"""
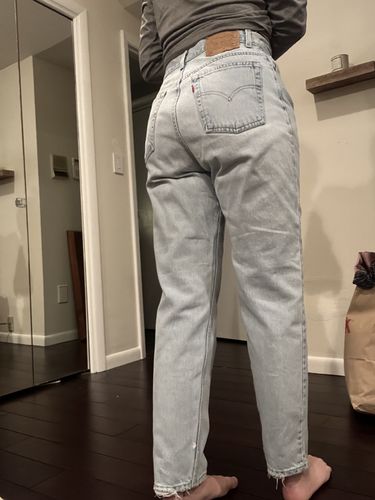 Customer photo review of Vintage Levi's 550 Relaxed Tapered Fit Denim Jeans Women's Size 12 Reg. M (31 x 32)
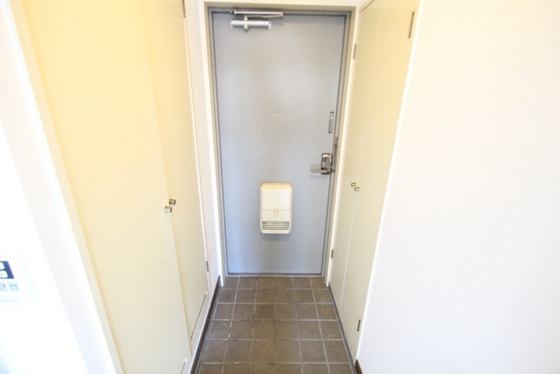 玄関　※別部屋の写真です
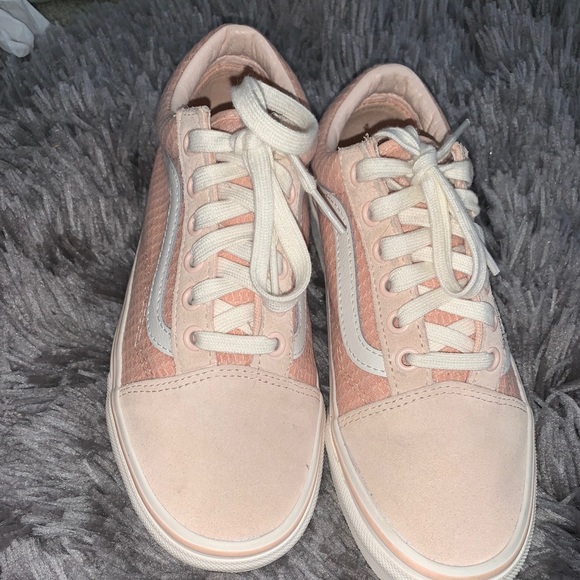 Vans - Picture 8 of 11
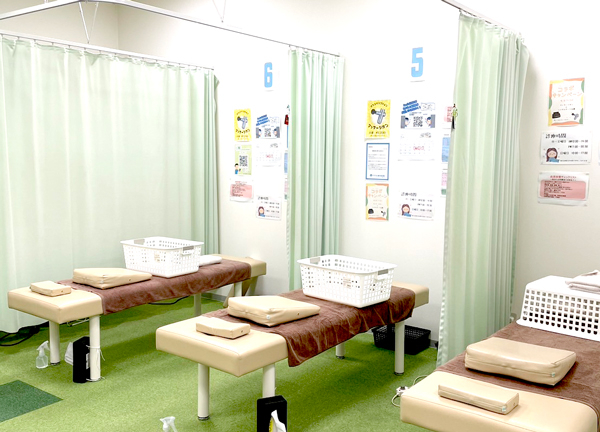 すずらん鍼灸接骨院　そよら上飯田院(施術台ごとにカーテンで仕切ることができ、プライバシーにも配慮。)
"""
"""
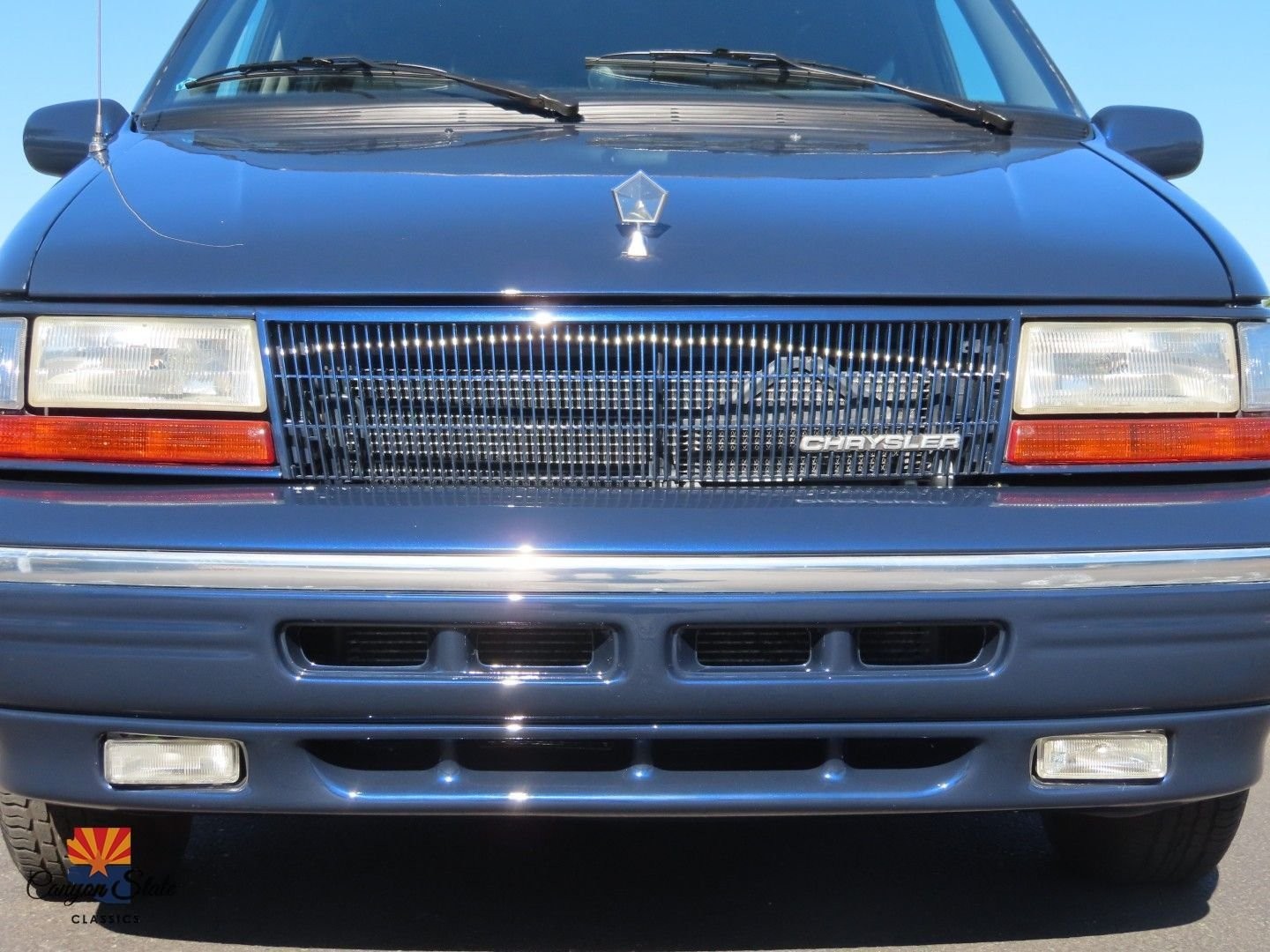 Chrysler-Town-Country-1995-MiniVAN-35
"""
**TASK REQUIREMENTS**: Working from the entries above, reproduce exactly and only the lines beginning with the line that has "Customer photo review" and ending with the line that has "すずらん鍼灸接骨院　そよら上"; omit all pictures.

**TASK RESPONSE**:
 Customer photo review of Vintage Levi's 550 Relaxed Tapered Fit Denim Jeans Women's Size 12 Reg. M (31 x 32)
 玄関　※別部屋の写真です
 Vans - Picture 8 of 11
 すずらん鍼灸接骨院　そよら上飯田院(施術台ごとにカーテンで仕切ることができ、プライバシーにも配慮。)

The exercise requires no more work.